Penelitian J Noorduyn (peneliti Belanda) Jipang sering berganti nama disertai pemindahan ibukota di tempat lain. Jipang tidak hanya berpindah ke Padangan pada bulan Januari 1814, tetapi juga pada Januari 1816 ibukota Jipang juga pernah pindah di Bowërno (Baureno). Menurut data Raffles, pada tahun 1815 Jipang terdiri dari: 6 distrik : Panolan, Padangan, Radjëg-wësi, Sëkarang, Bawërno dan ‘Jenawun’ (Tinawun). Eksistensi Jipang Padangan juga Jipang Bowerno terekam jelas pada peta Jawa yang dikeluarkan Raffles, juga pernah berpindah di desa Pellem di sebelah kiri kali Gandong.

Jipang tahun 1358 dengan Djipang ulu atau Djepang, Djepan-Panoulang versi Hurdt tahun 1678 dengan Panolan dan awal abad ke-19 Jipang dengan Djipang di Kali Gandong. Masih ada desa Djipang atau Djipang-pasar saat ini (Cepu), di sisi lain ada Djipang abad ke-16 yang terkenal seperti yang disebutkan dalam tulisan sejarah Jawa.

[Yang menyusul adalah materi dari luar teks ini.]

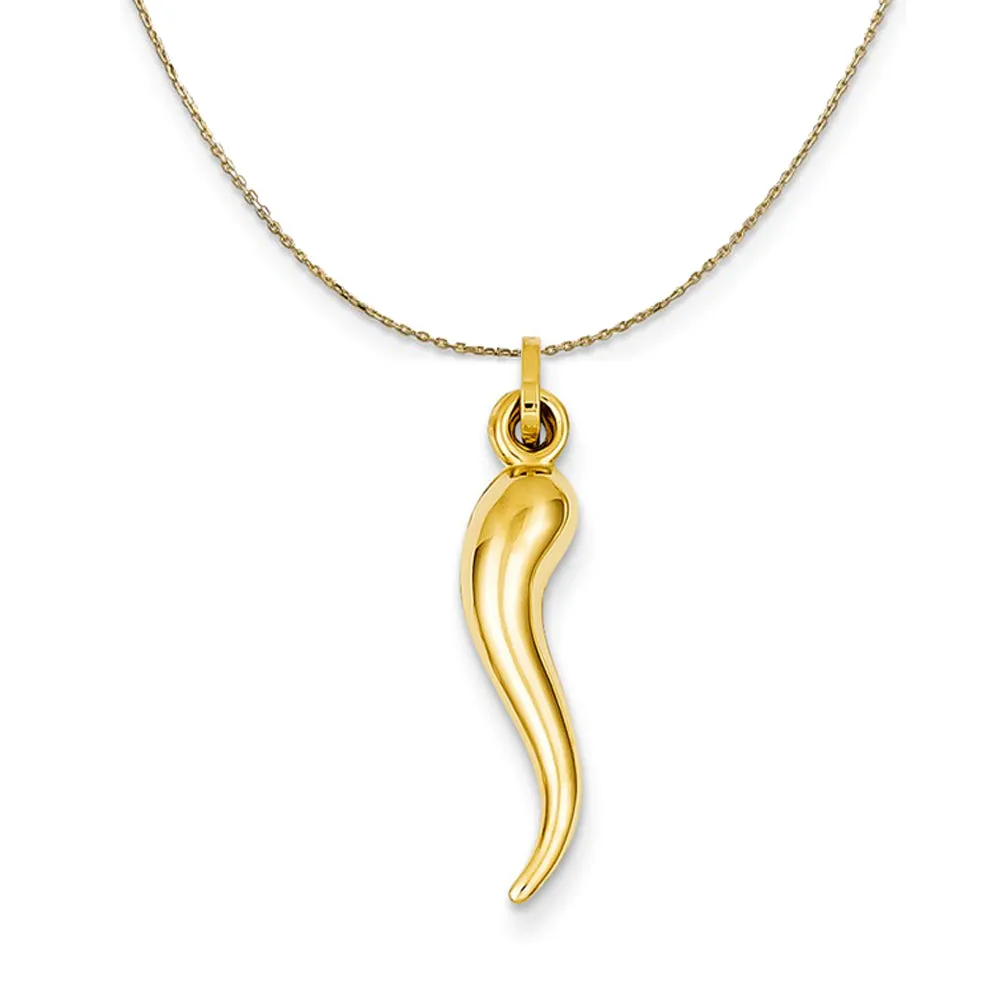 14k Yellow Gold 3D Hollow Italian Horn Necklace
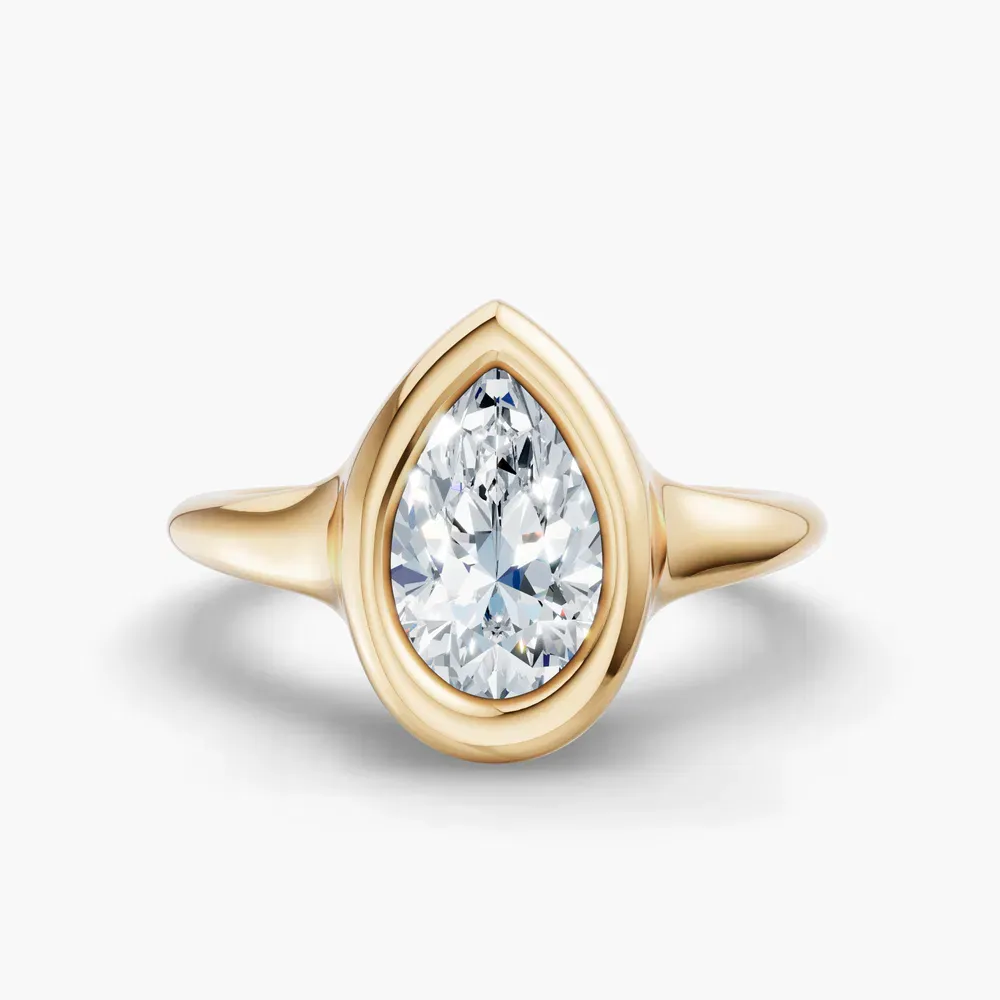 Certified 2 carat Lab Grown Diamond Pear Cut Solitaire, Bezel Engagement Ring in 14K Yellow Gold-Zayn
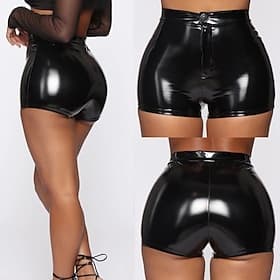 Retro Vintage Punk  Gothic Shiny Latex Patent Shorts Goth Girl Fancy Dress Women's Masquerade Party / Evening Adults' Shorts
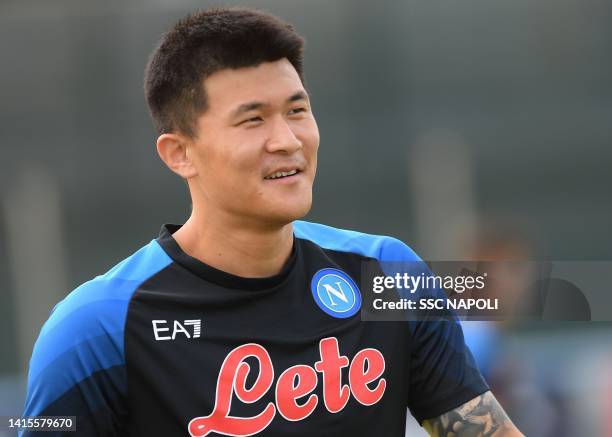 Min-Jae Kim of Napoli in training on August 18, 2022 in Naples, Italy.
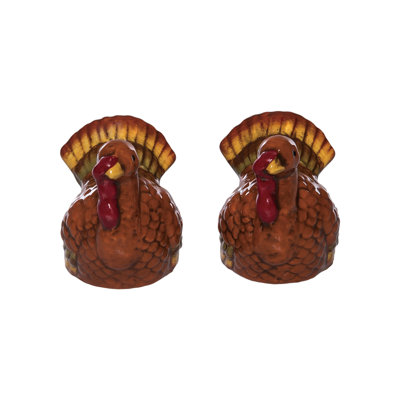 Dolomite Turkey Salt and Pepper Set of 2, Salt and Pepper Shaker, Brown, Ceramic, Table, Kitchen, Fall Harvest, Tabletop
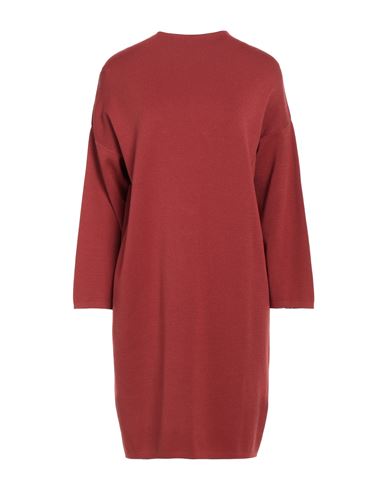 Soallure Woman Mini Dress Brick Red Size M Viscose, Polyester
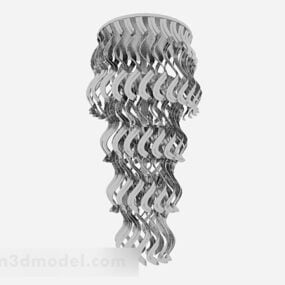 3d модель підвісного світильника металевої хвилі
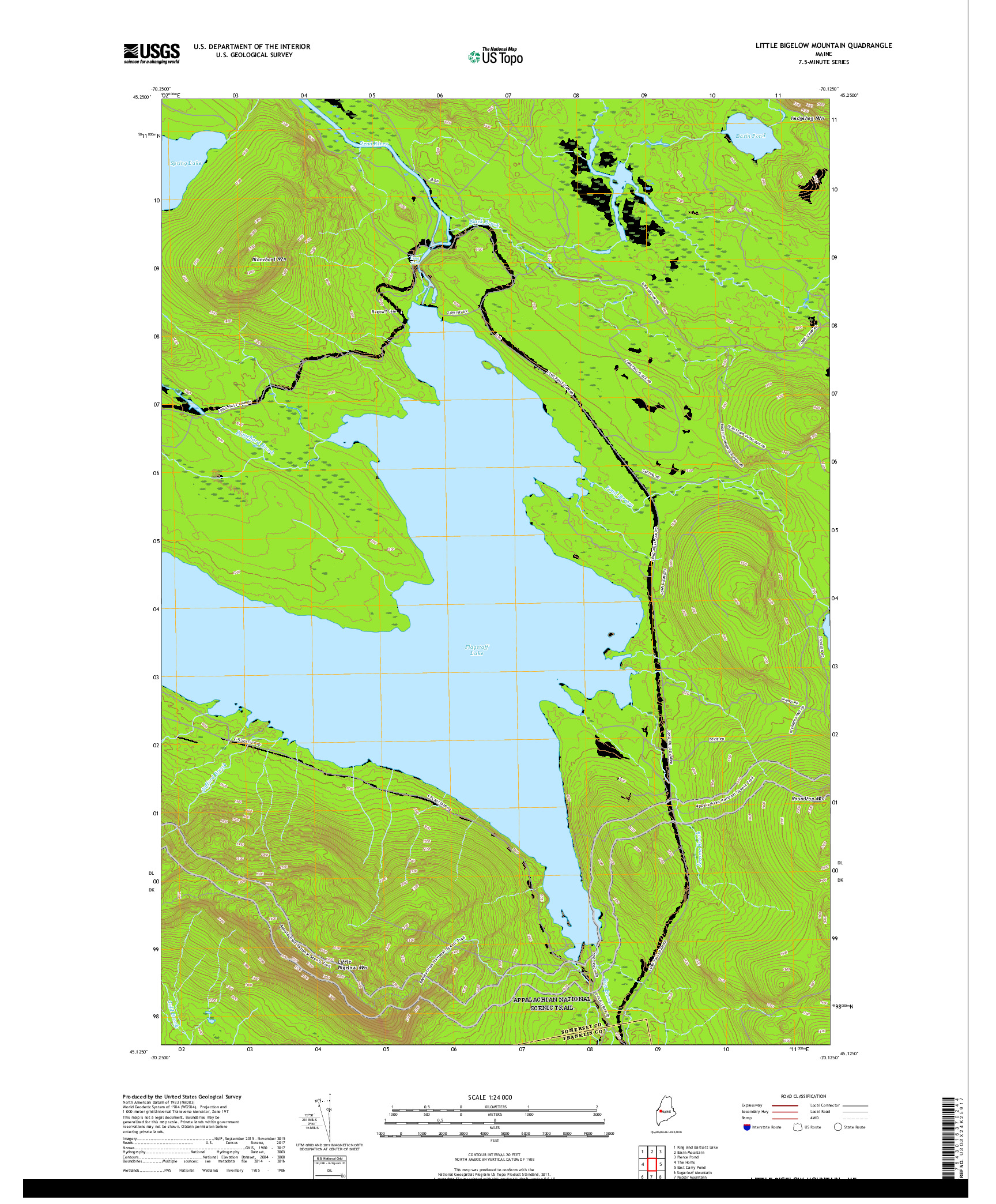 USGS US TOPO 7.5-MINUTE MAP FOR LITTLE BIGELOW MOUNTAIN, ME 2018
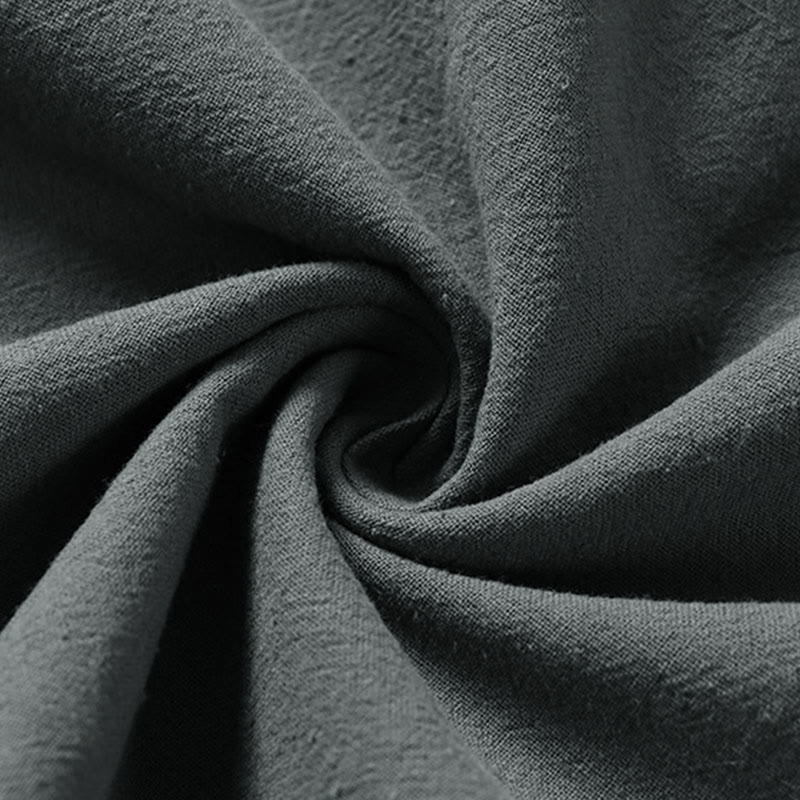 Buddha Stones Schlichter Kimono aus Baumwoll-Leinen-Mischgewebe mit Schnürung und Dreiviertelärmeln für Herren - image 8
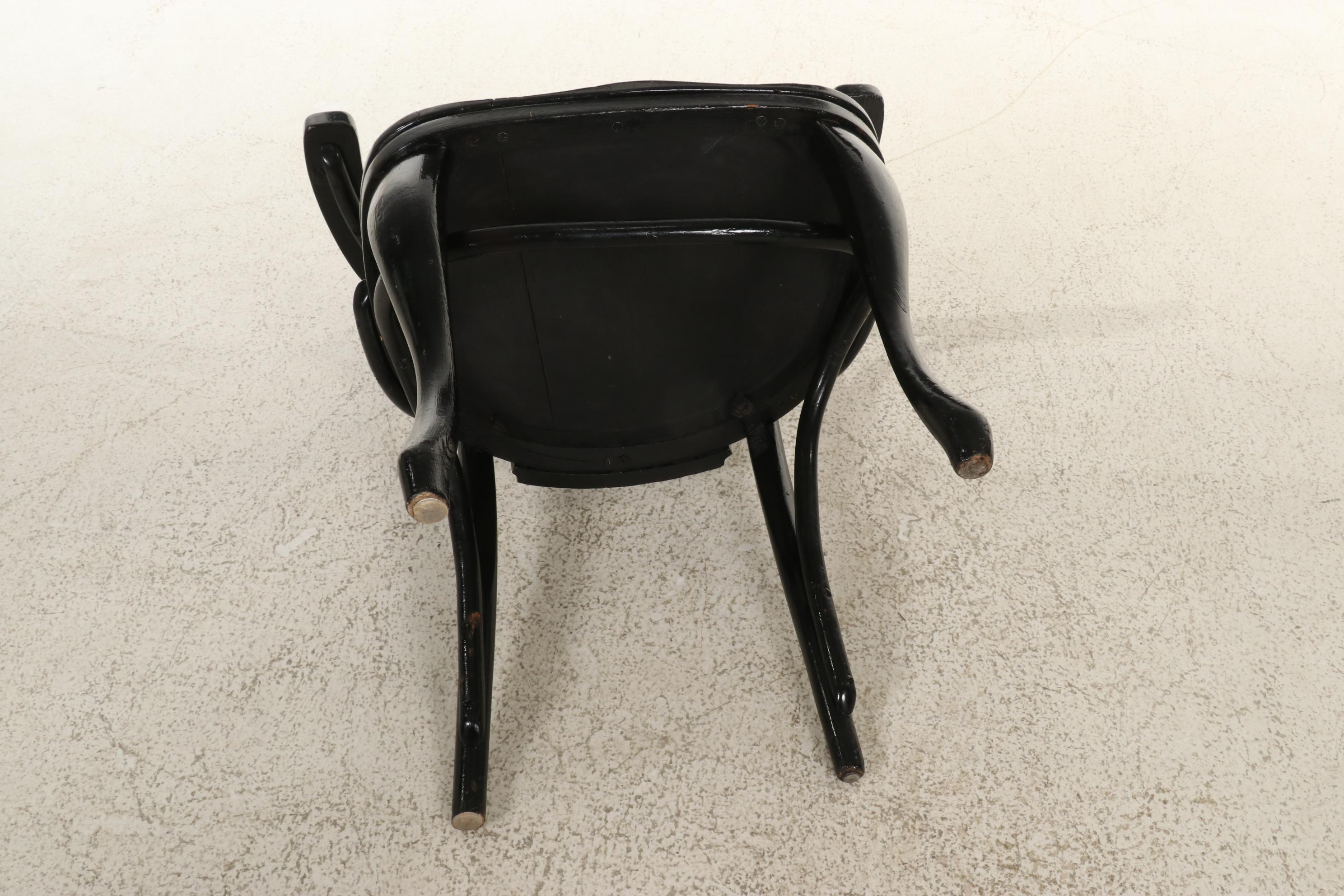 Pair of Ebonized Wooden Armchairs and Wooden Side Table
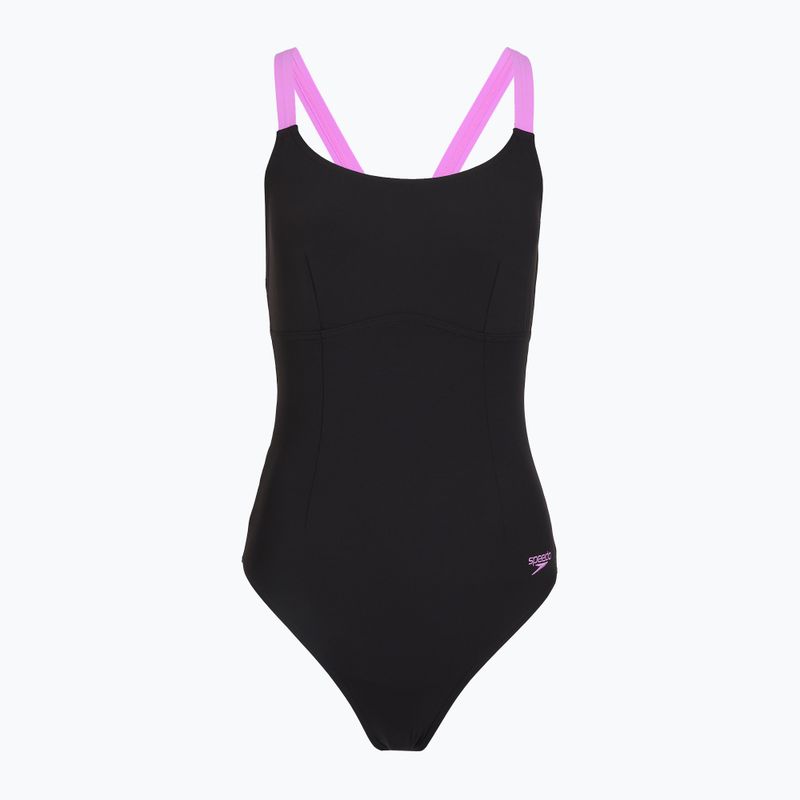 Moteriškas vientisas maudymosi kostiumėlis Speedo Shaping Crossback neon violet
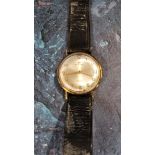 A 9ct gold Perona Gentleman's wristwatch, Swiss 17 jewel movement, silver dial, gold coloured Arabic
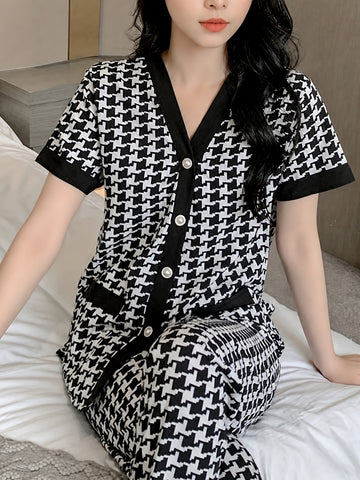 0000 Black and White Small Check Printed Front Button Style For Her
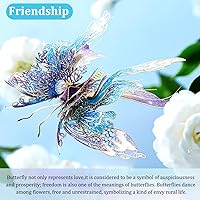 Vista 2 de Microworld Kit de rompecabezas de metal 3D, rompecabezas 3D de mariposa de deseos para adultos, kits de modelo de metal de bendición para el hogar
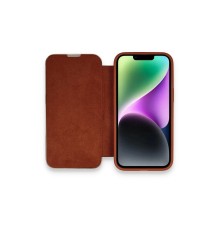 iPhone 13 Pro Max Kılıf Dolpin Kapaklı - Kahverengi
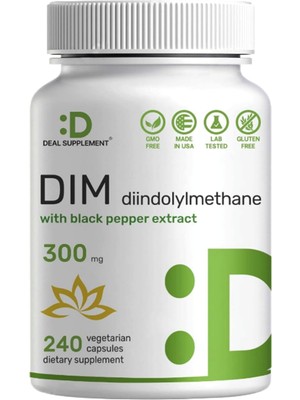 Deal Supplement DIM 300MG  240 Capsul 4  Diindolylmethane Plus Black Pepper Extract  Estrogen Balance  Usa Menşei 3643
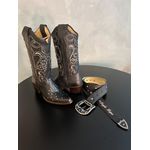 COMBO BOTA TEXANA LASER COM METAIS BICO FINO + CINTO EM COURO PRETO COM NOME PERSONALIZADO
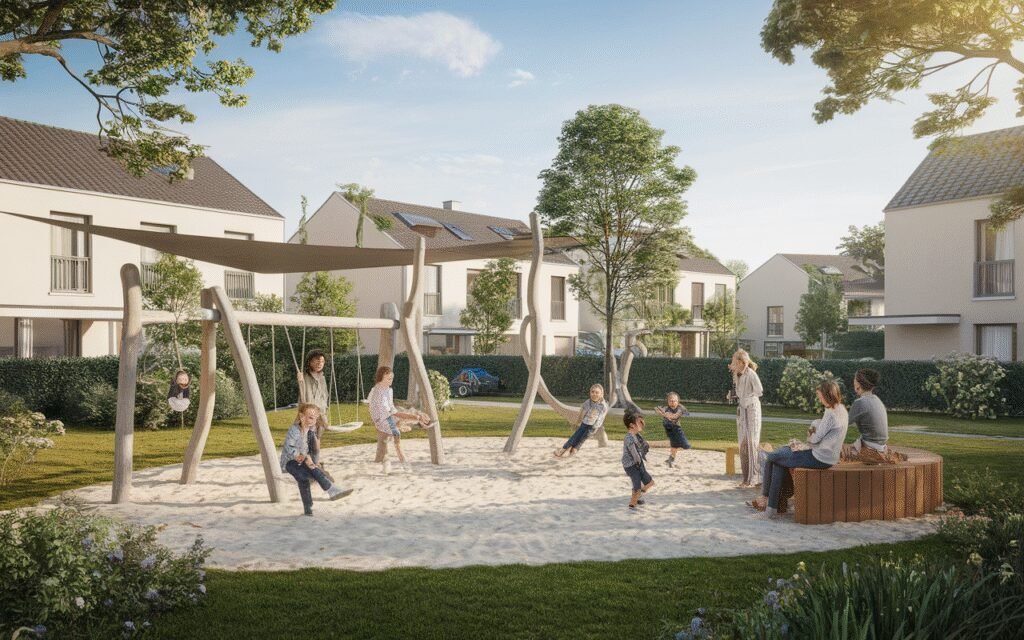 Vue d’un quartier résidentiel à Saint-Germain-lès-Corbeil adapté aux familles avec enfants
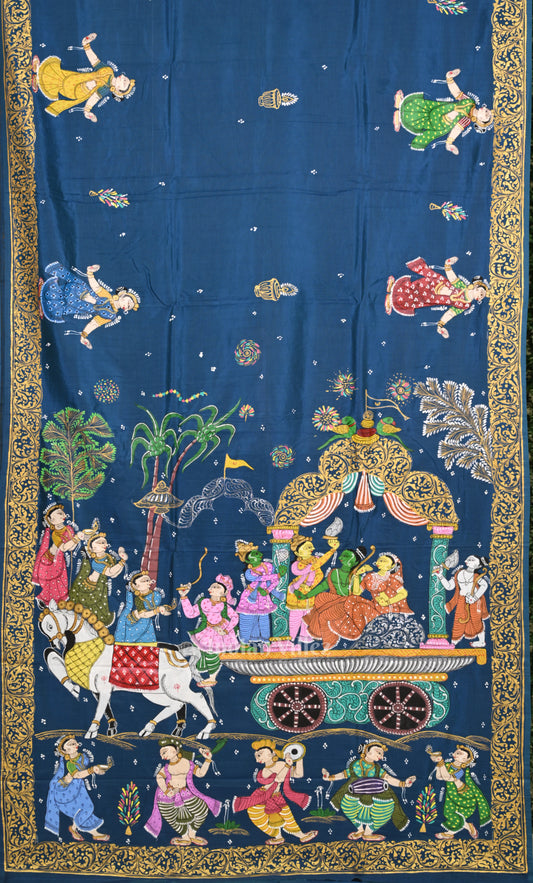 Blue Mathura Vijay  Hand-Painted Pattachitra Saree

Jelas sekali Jipang bisa didiskusikan ulang BUKAN murni sebagai bagian dari administrasi pemerintahan Bojonegoro sekarang maupun masa lampau.

Begitupun juga wilayah Mancanegara, adalah sistem pemerintahan Mataram Islam diluar wilayah yang disebut Keraton dan Kutanegara yang terbagi Mancanegara wetan dan kulon masing-masing dikepalai oleh seorang bupati atau lebih, dalam Surat Pustaka Radja Purwa disebut wedana. Mereka biasa berpangkat tumenggung atau raden arya. Para bupati Mancanegara berada di bawah pengawasan seorang wedana bupati mancanegara. Pada tahun 1677 Mas Tumapel yang semula menjabat sebagai bupati Gresik kemudian diangkat menjadi bupati Mancanegara dan berkedudukan di Jipang, terkenal dengan Adipati Jipang. Adapun tugasnya ialah mengepalai dan mengkoordinasikan bupati-bupati Mancanegara. Dapat disimpulkan BUKAN jabatan Bupati khusus Bojonegoro masa lampau maupun saat ini.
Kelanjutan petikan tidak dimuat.